--- START ---

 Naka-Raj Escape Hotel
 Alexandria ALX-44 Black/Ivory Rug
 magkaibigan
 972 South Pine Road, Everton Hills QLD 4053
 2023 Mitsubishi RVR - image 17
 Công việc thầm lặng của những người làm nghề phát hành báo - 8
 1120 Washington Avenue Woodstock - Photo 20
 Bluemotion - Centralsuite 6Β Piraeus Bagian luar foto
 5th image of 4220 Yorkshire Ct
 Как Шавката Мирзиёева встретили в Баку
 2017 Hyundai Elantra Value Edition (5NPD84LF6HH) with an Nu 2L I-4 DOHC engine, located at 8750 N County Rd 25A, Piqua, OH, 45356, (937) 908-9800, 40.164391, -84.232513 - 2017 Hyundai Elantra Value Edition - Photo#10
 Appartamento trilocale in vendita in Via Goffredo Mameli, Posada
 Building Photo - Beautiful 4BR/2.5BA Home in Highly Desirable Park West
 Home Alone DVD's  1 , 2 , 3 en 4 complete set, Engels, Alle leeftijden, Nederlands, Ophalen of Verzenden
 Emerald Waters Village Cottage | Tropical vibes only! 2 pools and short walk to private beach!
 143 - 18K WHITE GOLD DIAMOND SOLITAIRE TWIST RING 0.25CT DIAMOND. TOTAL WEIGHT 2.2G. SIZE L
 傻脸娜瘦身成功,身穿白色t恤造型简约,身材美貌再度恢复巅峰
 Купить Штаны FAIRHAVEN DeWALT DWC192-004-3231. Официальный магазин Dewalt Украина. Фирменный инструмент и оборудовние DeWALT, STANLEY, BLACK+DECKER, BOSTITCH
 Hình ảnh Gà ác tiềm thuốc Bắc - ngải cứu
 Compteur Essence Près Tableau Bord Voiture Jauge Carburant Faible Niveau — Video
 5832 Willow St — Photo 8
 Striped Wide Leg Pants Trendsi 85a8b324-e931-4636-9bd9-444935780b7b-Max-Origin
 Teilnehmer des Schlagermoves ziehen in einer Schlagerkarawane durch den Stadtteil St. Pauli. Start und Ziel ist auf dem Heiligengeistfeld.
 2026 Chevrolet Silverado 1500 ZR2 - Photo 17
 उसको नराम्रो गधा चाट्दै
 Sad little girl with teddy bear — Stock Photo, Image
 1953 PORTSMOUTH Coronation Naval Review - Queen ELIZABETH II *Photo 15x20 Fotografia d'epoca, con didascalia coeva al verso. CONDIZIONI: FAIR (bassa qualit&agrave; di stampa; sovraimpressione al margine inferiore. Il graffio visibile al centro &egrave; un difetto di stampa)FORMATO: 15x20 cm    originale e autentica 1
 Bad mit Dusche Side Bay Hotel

--- END ---

◆ TASK GOAL ◆
Return, word for word, each line from the line that contains "1953 PORTSMOUTH Coronation" to the end of the listing above; include both end lines and nothing else.

◆ EXPECTED OUTPUT ◆
 1953 PORTSMOUTH Coronation Naval Review - Queen ELIZABETH II *Photo 15x20 Fotografia d'epoca, con didascalia coeva al verso. CONDIZIONI: FAIR (bassa qualit&agrave; di stampa; sovraimpressione al margine inferiore. Il graffio visibile al centro &egrave; un difetto di stampa)FORMATO: 15x20 cm    originale e autentica 1
 Bad mit Dusche Side Bay Hotel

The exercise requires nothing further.